**INPUT MATERIAL:**

************

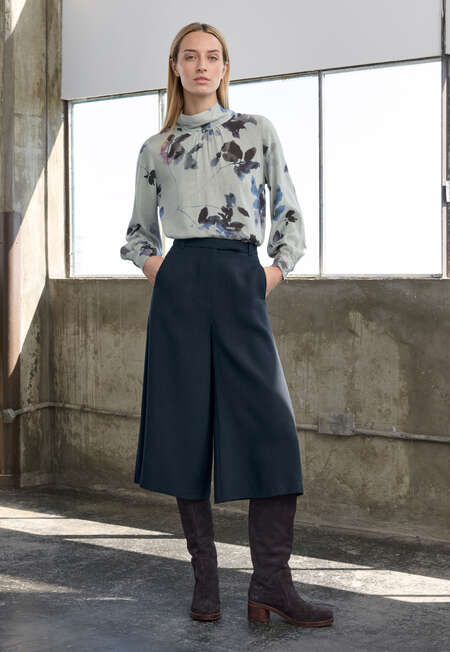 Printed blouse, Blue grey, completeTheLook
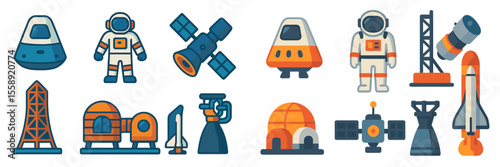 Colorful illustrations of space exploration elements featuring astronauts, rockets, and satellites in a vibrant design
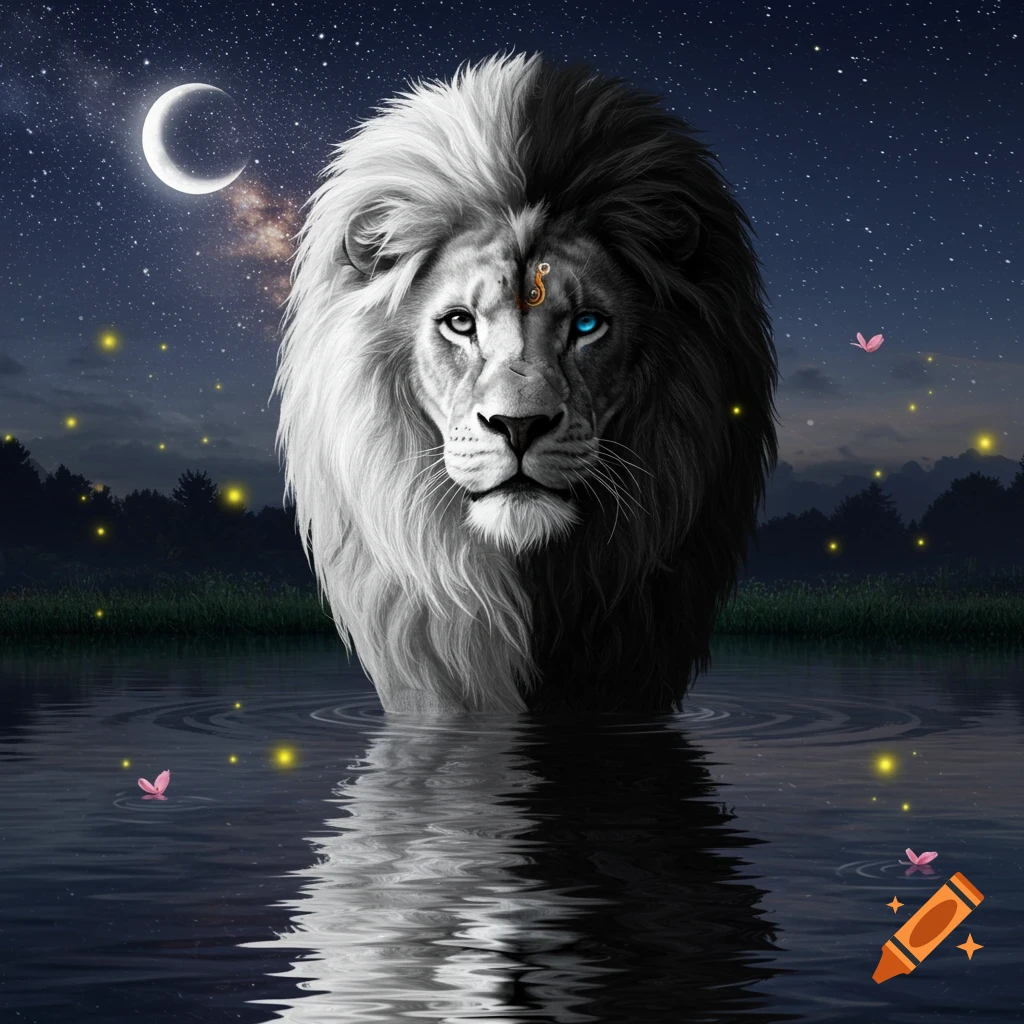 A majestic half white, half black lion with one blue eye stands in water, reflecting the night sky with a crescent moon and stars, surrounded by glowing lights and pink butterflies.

************

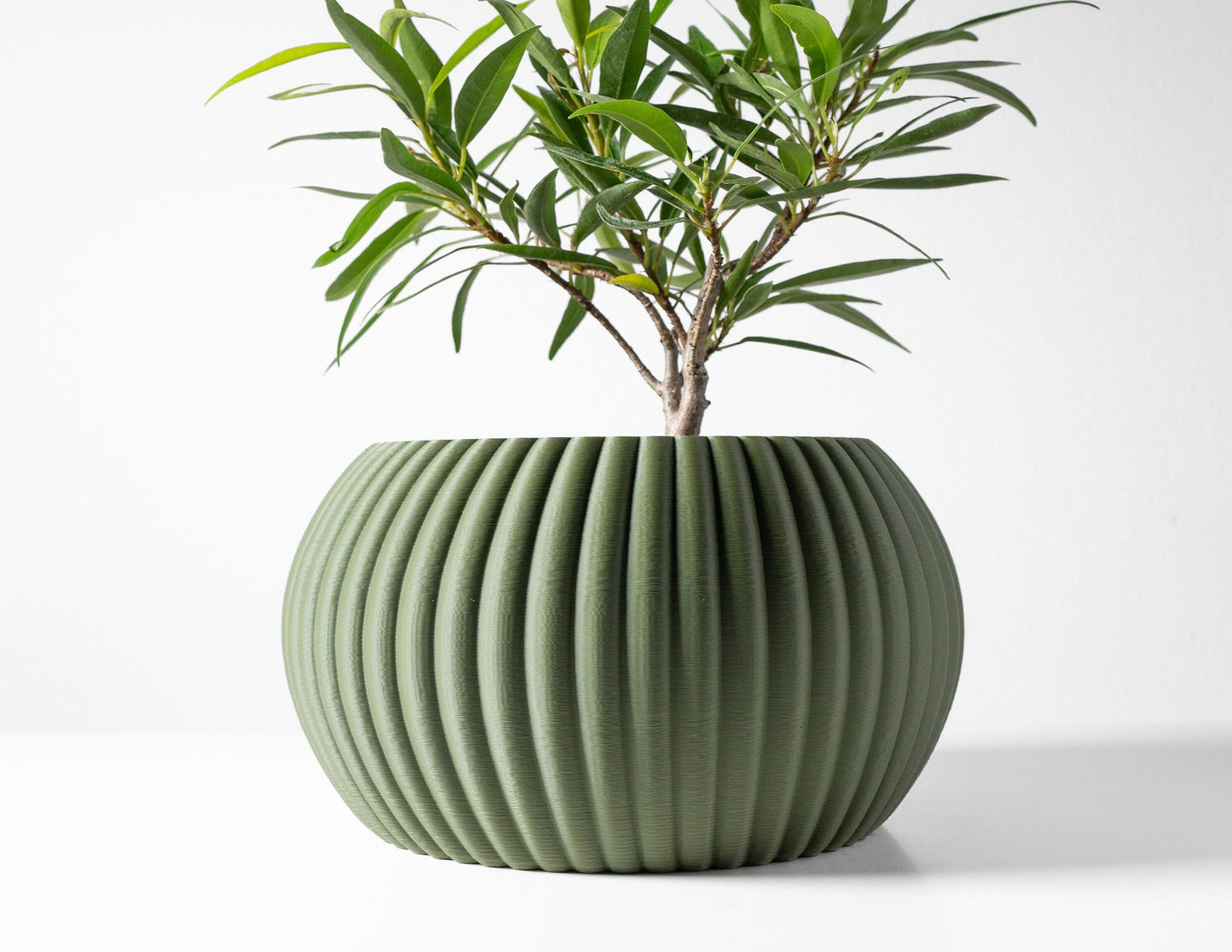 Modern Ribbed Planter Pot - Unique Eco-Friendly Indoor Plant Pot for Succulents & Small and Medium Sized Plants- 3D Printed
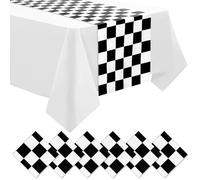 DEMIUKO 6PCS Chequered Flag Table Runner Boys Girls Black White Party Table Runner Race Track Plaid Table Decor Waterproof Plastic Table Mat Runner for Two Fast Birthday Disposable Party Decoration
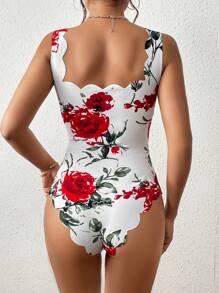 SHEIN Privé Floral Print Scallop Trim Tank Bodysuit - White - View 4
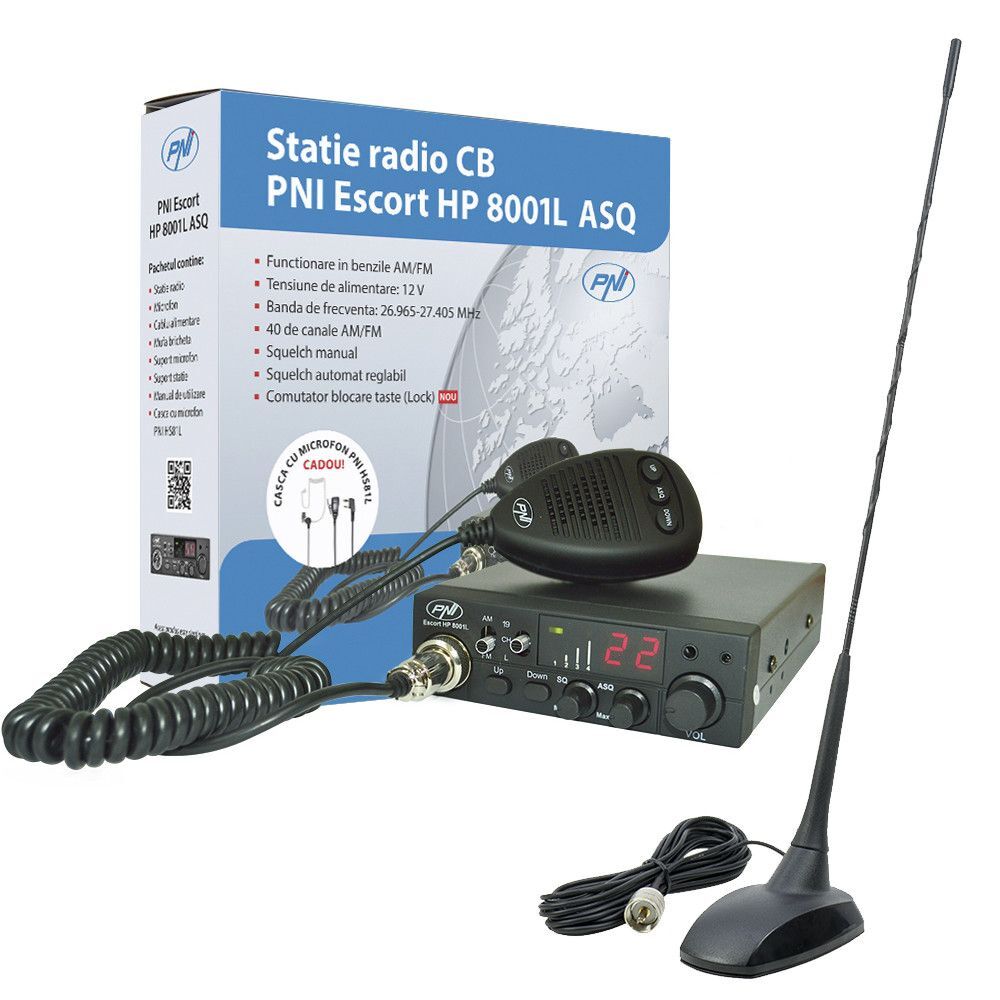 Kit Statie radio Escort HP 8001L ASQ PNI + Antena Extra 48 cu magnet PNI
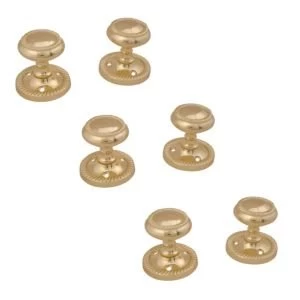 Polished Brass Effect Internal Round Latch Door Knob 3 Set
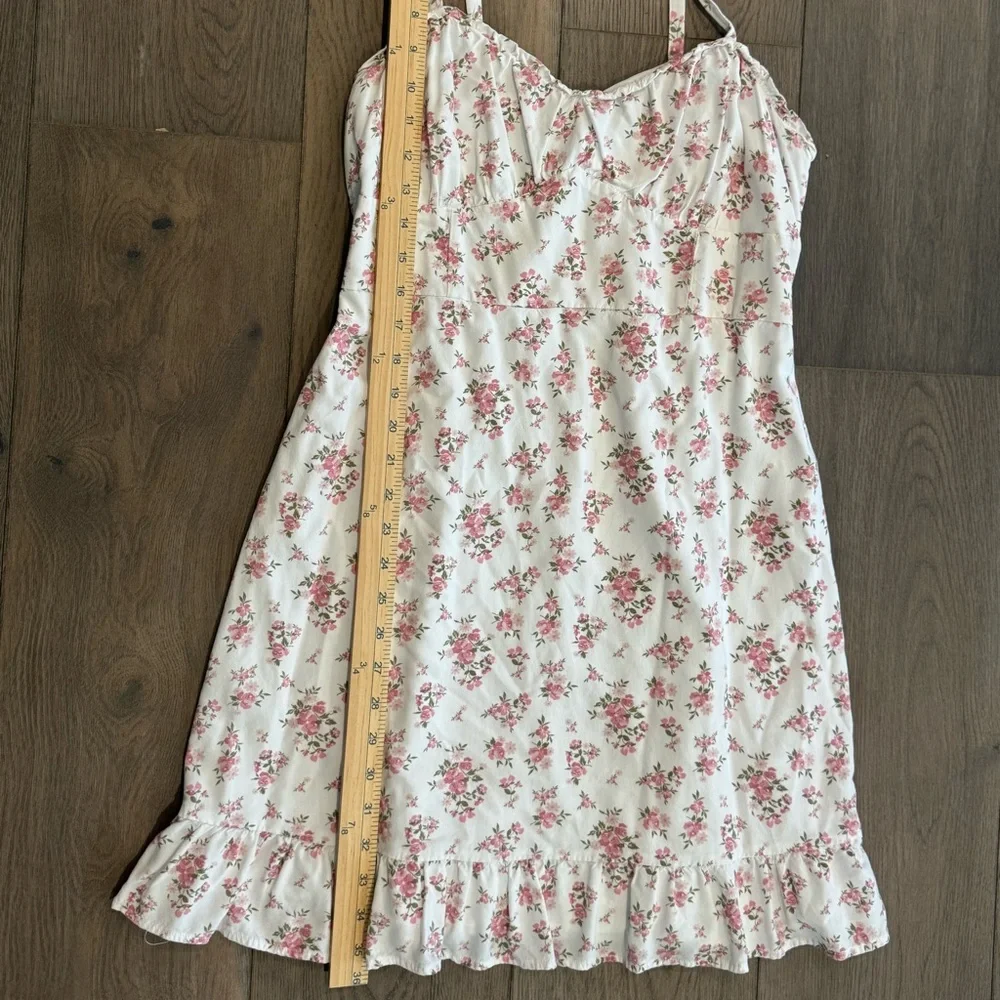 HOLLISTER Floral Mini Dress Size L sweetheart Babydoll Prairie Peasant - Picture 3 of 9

************

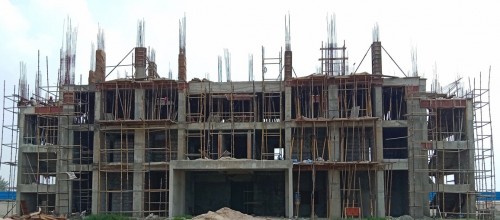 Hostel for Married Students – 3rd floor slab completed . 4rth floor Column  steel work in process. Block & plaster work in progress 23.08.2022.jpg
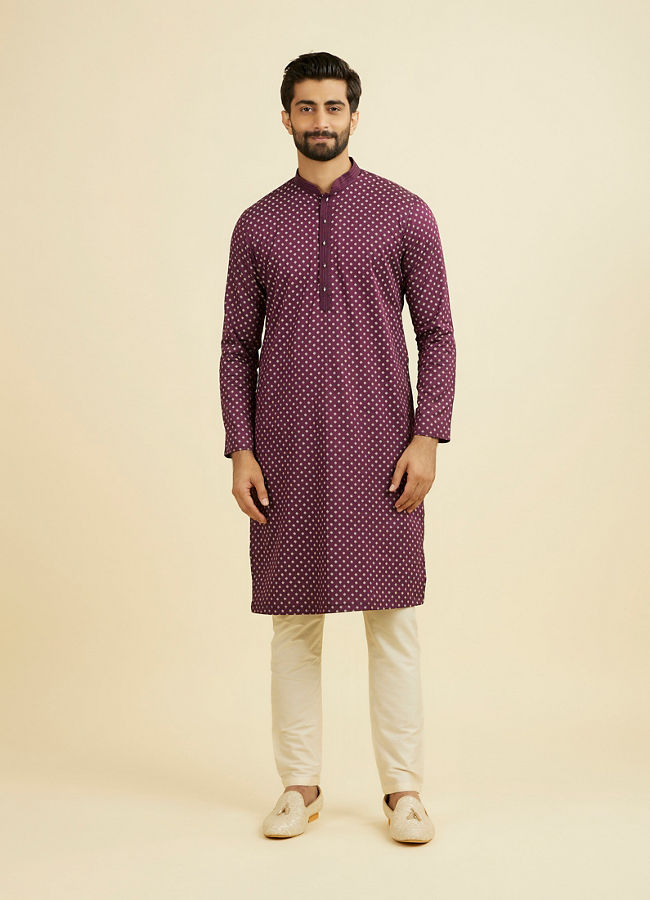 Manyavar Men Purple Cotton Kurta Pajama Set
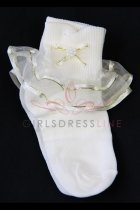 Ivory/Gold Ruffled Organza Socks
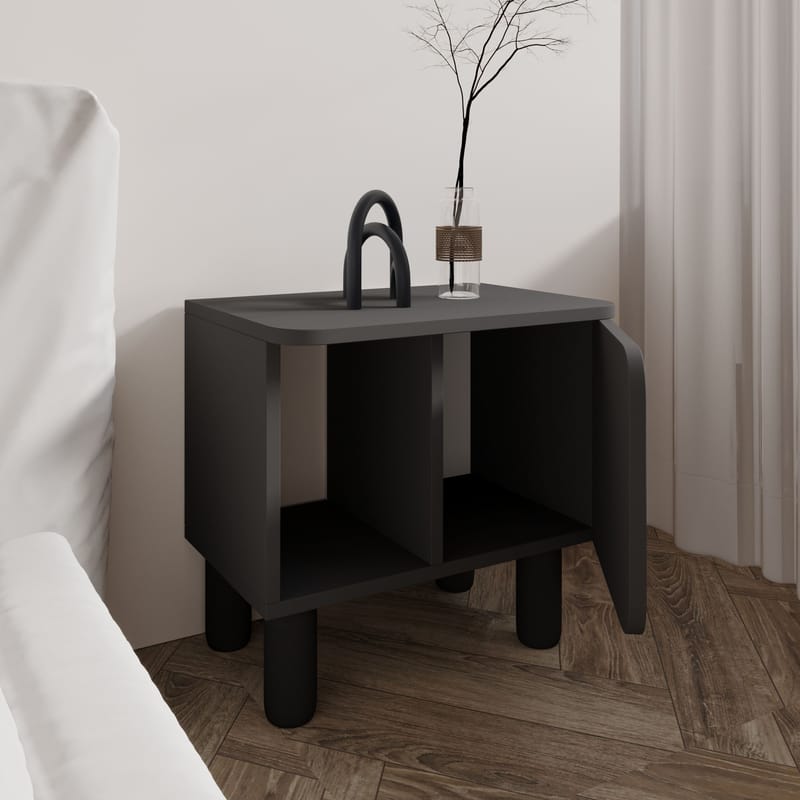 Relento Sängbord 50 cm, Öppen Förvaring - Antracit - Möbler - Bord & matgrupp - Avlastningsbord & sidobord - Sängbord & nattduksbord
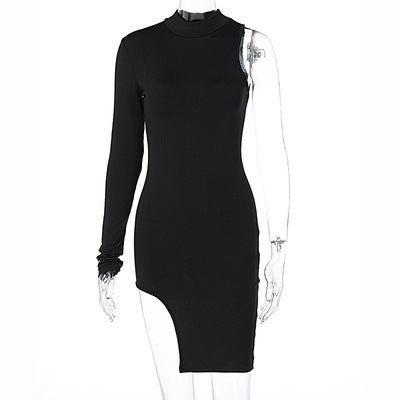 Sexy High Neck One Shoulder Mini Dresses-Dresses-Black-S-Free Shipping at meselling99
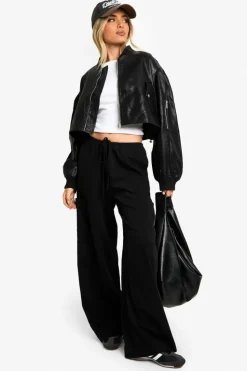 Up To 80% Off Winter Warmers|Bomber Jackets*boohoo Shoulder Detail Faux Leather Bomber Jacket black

************

**PROBLEM DESCRIPTION:** Reproduce word for word, with pictures dropped, only the part of the material above that opens with the line containing "Printed blouse, Blue grey, completeTheLook" and closes with the line containing "Colorful illustrations of".

**WRITTEN RESPONSE:**
 Printed blouse, Blue grey, completeTheLook
 Colorful illustrations of space exploration elements featuring astronauts, rockets, and satellites in a vibrant design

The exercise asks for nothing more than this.